Small Datasets (a few MBs)

GitHub

Datasets and the corresponding Jupyter Notebook can be stored in a folder on GitHub. You can then create a nbgitpuller link for the entire folder. When students click this link, the entire folder will appear on their DataHub account.

Outside Hosts

You can store the data on an online host such as Box, Google Drive, or even GitHub.

Direct Upload

Students can directly upload data files to their DataHub account. This method can get messy if notebooks expect the data to be stored at a certain filepath and students upload the files to a different location. Therefore, we recommend using the other methods listed on this page.

Larger Datasets (tens of MBs to several GBs)
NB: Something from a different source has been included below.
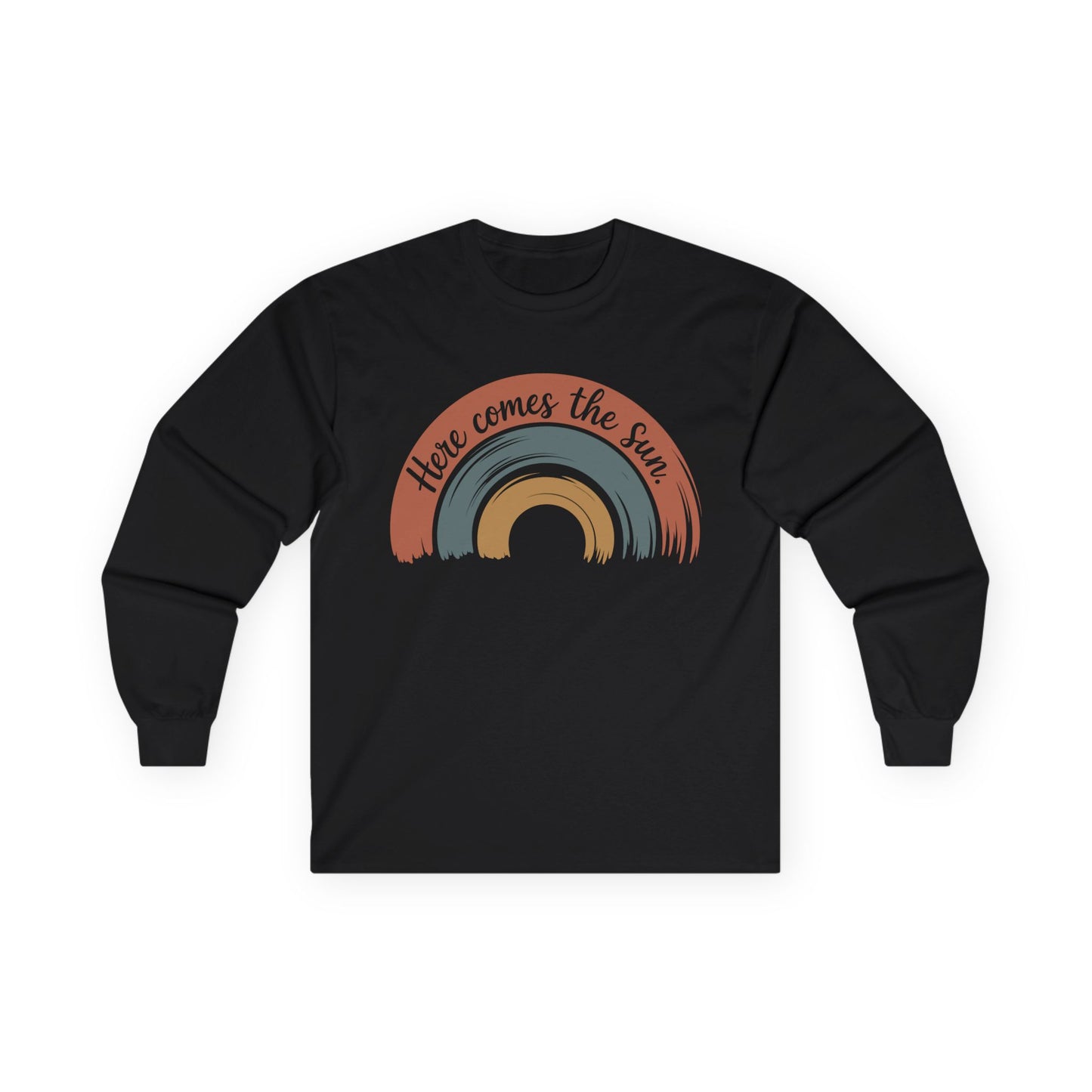 TEEZOCA here comes the sun positive rainbow graphic on unisex long-sleeve t-shirt Black long-sleeve shirt with a rainbow design and 'Here comes the sun' text on a white background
Our current recommendation is to keep the file size of the datasets below 100 MB. We recommend the following approaches to all instructors/students who plan to use large datasets for their teaching/learning plans.

Shared directory

In scenarios where you have large datasets or commonly used libraries, a shared directory can serve as a centralized location for these resources. This prevents the need for duplicating files across multiple user spaces, saving disk space and bandwidth.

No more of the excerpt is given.